> ACTIVITY: Up to and including the line with "Raysoar Laser Equipment", copy the records below exactly from their first line.

> DATASET RECORDS:
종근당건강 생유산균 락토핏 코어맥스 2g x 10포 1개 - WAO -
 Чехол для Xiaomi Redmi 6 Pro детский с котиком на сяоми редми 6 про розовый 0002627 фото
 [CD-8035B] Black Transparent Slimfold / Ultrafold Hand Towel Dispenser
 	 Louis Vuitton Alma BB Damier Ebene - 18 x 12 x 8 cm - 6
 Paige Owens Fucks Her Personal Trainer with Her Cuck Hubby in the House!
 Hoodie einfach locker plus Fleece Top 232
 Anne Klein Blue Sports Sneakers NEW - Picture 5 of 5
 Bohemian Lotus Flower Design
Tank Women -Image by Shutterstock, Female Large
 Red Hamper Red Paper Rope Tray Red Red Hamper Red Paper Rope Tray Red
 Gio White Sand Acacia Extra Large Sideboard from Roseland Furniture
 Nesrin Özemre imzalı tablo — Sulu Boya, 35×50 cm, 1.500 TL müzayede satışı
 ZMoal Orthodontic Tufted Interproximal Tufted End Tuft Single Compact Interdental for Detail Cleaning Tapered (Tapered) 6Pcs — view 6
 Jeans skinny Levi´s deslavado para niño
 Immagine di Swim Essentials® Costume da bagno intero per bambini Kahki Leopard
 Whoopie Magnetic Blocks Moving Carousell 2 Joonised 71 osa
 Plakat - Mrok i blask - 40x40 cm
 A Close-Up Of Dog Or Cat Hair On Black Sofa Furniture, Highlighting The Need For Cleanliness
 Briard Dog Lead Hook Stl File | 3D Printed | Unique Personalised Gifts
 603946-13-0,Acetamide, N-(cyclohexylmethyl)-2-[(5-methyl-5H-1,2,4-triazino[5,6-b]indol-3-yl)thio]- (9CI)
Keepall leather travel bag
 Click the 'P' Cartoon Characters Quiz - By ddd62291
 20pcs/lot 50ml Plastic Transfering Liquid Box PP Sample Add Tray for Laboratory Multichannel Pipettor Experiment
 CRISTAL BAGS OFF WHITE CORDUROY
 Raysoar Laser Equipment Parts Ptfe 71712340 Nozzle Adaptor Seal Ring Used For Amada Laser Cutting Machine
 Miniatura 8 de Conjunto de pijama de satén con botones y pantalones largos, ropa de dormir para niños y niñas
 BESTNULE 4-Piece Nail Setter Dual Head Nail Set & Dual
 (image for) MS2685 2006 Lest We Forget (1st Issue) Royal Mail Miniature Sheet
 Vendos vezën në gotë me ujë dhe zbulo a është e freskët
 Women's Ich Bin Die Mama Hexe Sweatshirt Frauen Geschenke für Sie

> YOUR SOLUTION:
종근당건강 생유산균 락토핏 코어맥스 2g x 10포 1개 - WAO -
 Чехол для Xiaomi Redmi 6 Pro детский с котиком на сяоми редми 6 про розовый 0002627 фото
 [CD-8035B] Black Transparent Slimfold / Ultrafold Hand Towel Dispenser
 	 Louis Vuitton Alma BB Damier Ebene - 18 x 12 x 8 cm - 6
 Paige Owens Fucks Her Personal Trainer with Her Cuck Hubby in the House!
 Hoodie einfach locker plus Fleece Top 232
 Anne Klein Blue Sports Sneakers NEW - Picture 5 of 5
 Bohemian Lotus Flower Design
Tank Women -Image by Shutterstock, Female Large
 Red Hamper Red Paper Rope Tray Red Red Hamper Red Paper Rope Tray Red
 Gio White Sand Acacia Extra Large Sideboard from Roseland Furniture
 Nesrin Özemre imzalı tablo — Sulu Boya, 35×50 cm, 1.500 TL müzayede satışı
 ZMoal Orthodontic Tufted Interproximal Tufted End Tuft Single Compact Interdental for Detail Cleaning Tapered (Tapered) 6Pcs — view 6
 Jeans skinny Levi´s deslavado para niño
 Immagine di Swim Essentials® Costume da bagno intero per bambini Kahki Leopard
 Whoopie Magnetic Blocks Moving Carousell 2 Joonised 71 osa
 Plakat - Mrok i blask - 40x40 cm
 A Close-Up Of Dog Or Cat Hair On Black Sofa Furniture, Highlighting The Need For Cleanliness
 Briard Dog Lead Hook Stl File | 3D Printed | Unique Personalised Gifts
 603946-13-0,Acetamide, N-(cyclohexylmethyl)-2-[(5-methyl-5H-1,2,4-triazino[5,6-b]indol-3-yl)thio]- (9CI)
Keepall leather travel bag
 Click the 'P' Cartoon Characters Quiz - By ddd62291
 20pcs/lot 50ml Plastic Transfering Liquid Box PP Sample Add Tray for Laboratory Multichannel Pipettor Experiment
 CRISTAL BAGS OFF WHITE CORDUROY
 Raysoar Laser Equipment Parts Ptfe 71712340 Nozzle Adaptor Seal Ring Used For Amada Laser Cutting Machine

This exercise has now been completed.